**ABOUT THIS TASK:** Starting at the line that contains "Lexus IS III", write out every line through the last one in the records below, word for word. Leave out any pictures.

━━ RECORDS FOR THIS TASK ━━

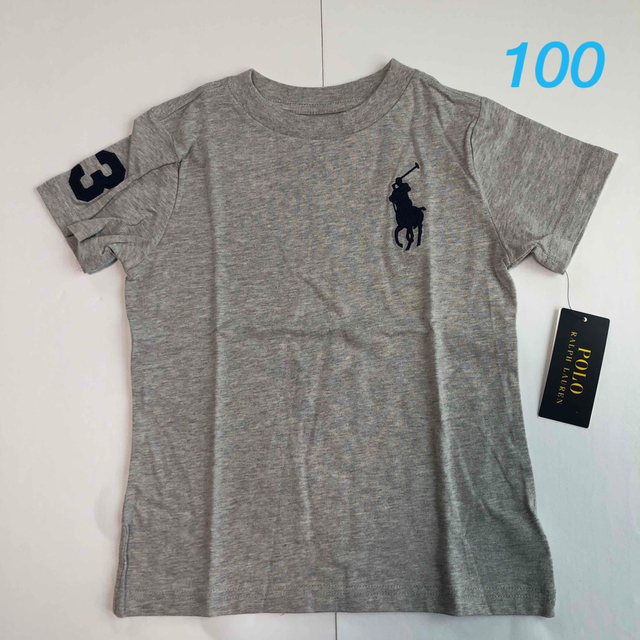 POLO RALPH LAUREN(ポロラルフローレン)のラスト1点◆ラルフローレン ビッグポニー半袖Tシャツ グレー   3T/100 キッズ/ベビー/マタニティのキッズ服男の子用(90cm~)(Tシャツ/カットソー)の商品写真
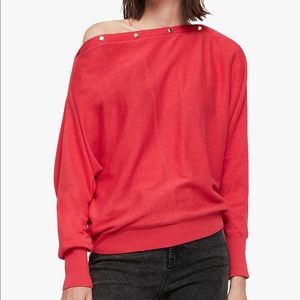 Allsaints Elle sweater M pink/red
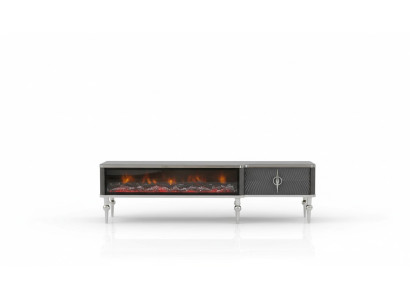 TV sideboard fireplace metal wood MDF chipboard luxury furniture new white RTV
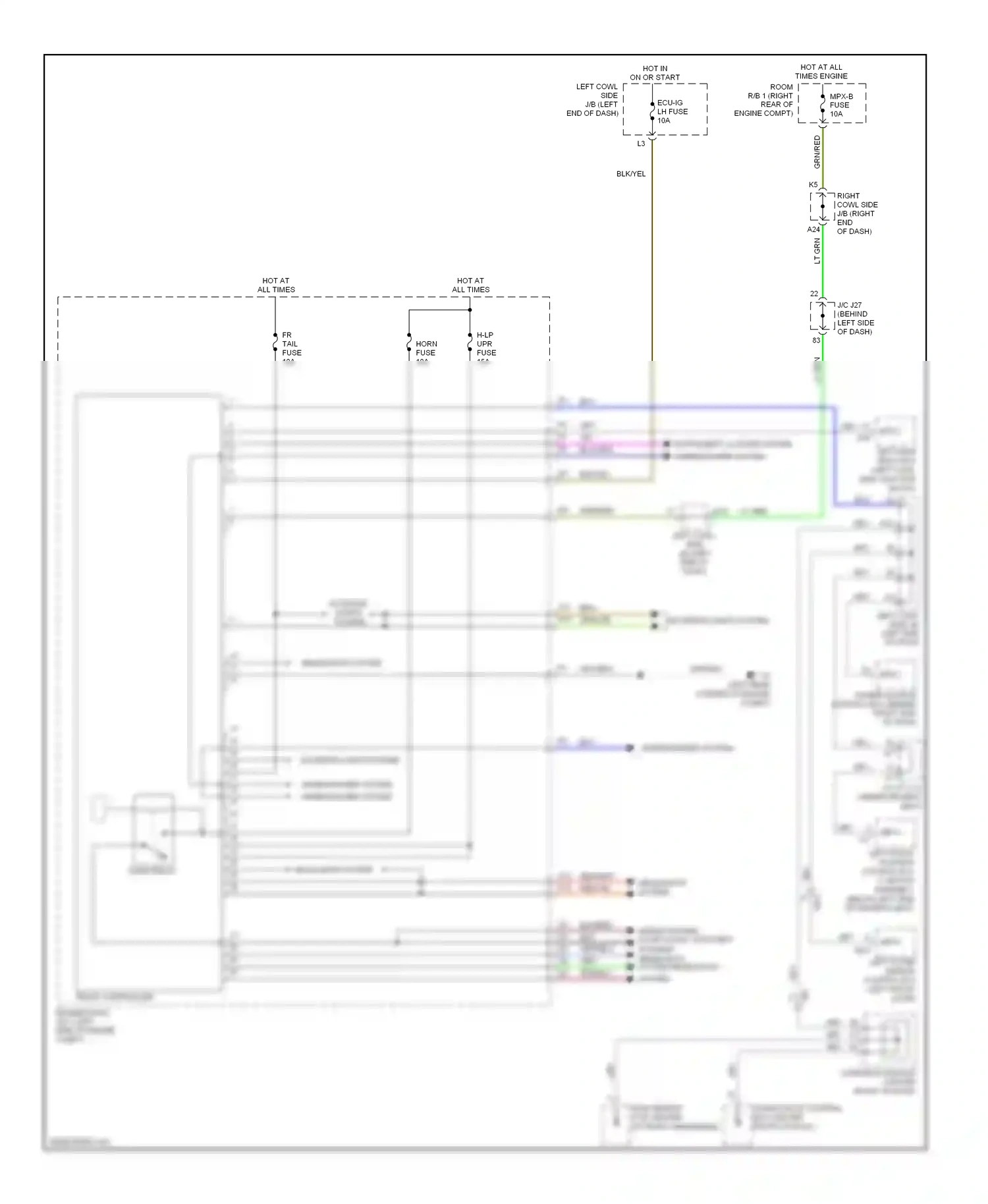 Lexus IS III (2013-2016) red/wht wiring diagram  (14 of 35)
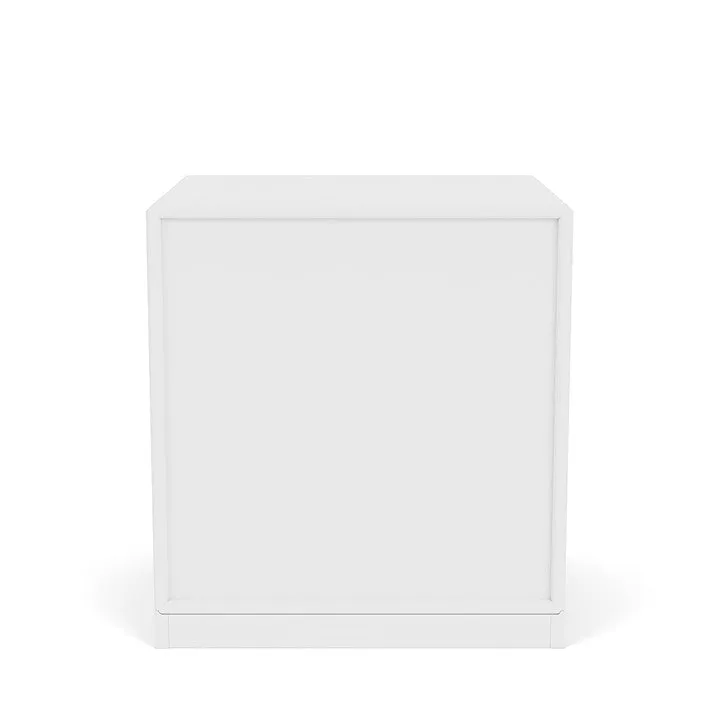 Montana Dream Nightstand With 3 Cm Plinth, Snow White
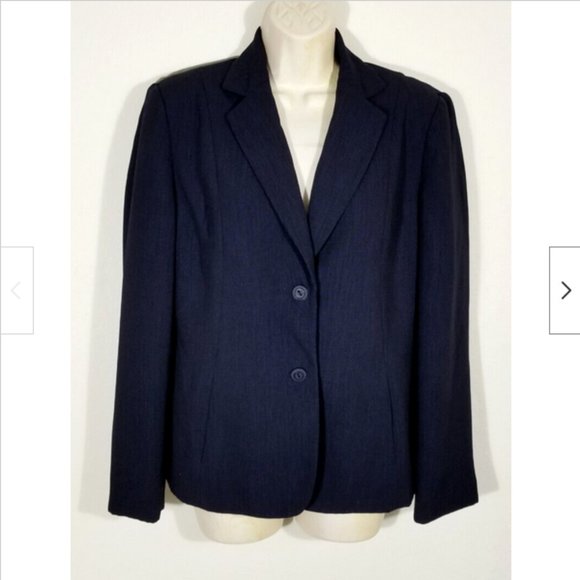 Veste Worthington Homme - Taille XL, Bleu Marine Avec Col Intérieur Beige - Occasion Très Bon état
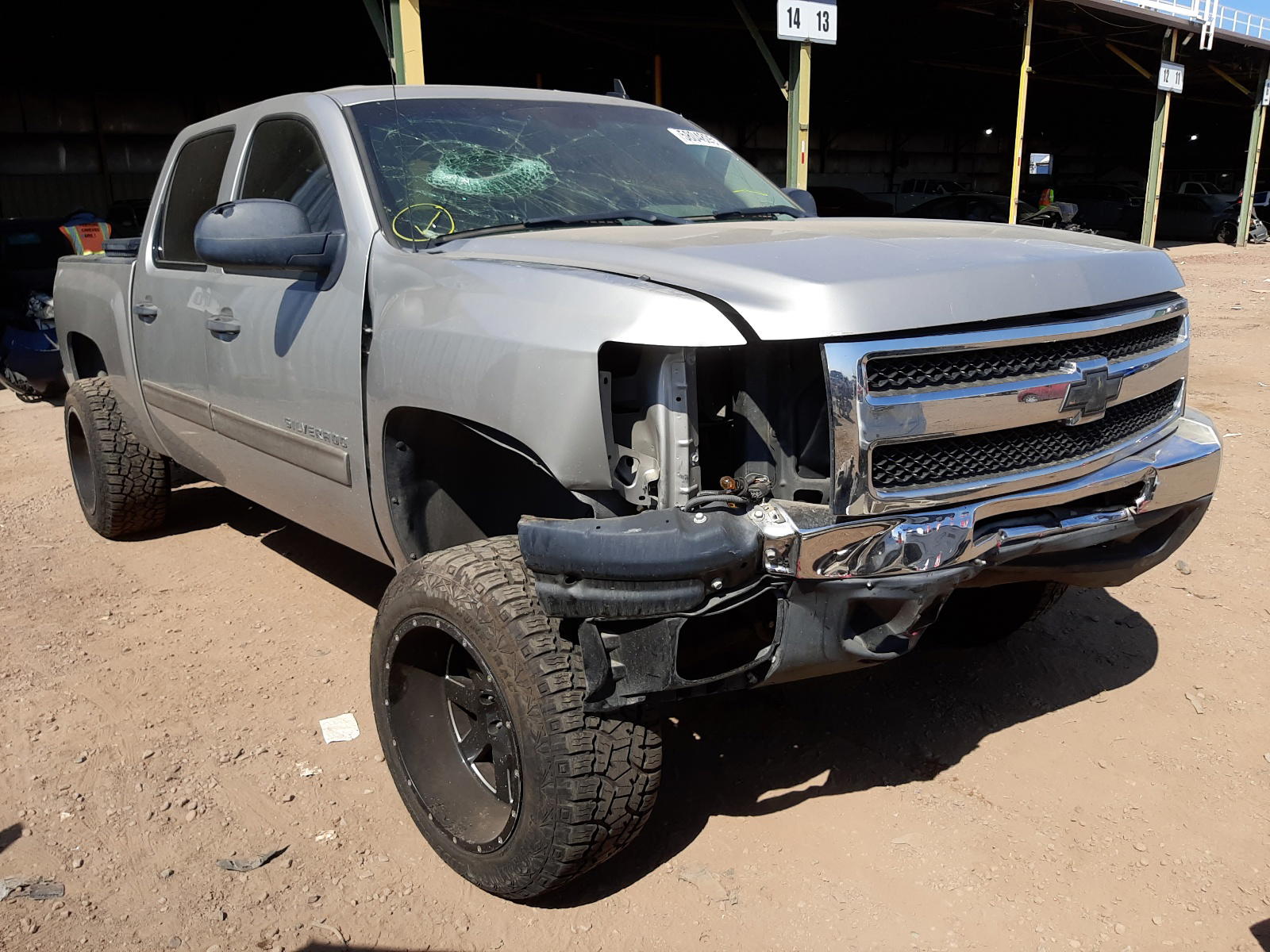 CHEVROLET SILVERADO 2009 with VIN 3GCEC13C19G114297 - Photo from auction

━━━

**PROBLEM SOLUTION:**
 Lexus IS III (2013-2016) red/wht wiring diagram  (14 of 35)
 Montana Dream Nightstand With 3 Cm Plinth, Snow White
 Veste Worthington Homme - Taille XL, Bleu Marine Avec Col Intérieur Beige - Occasion Très Bon état
 CHEVROLET SILVERADO 2009 with VIN 3GCEC13C19G114297 - Photo from auction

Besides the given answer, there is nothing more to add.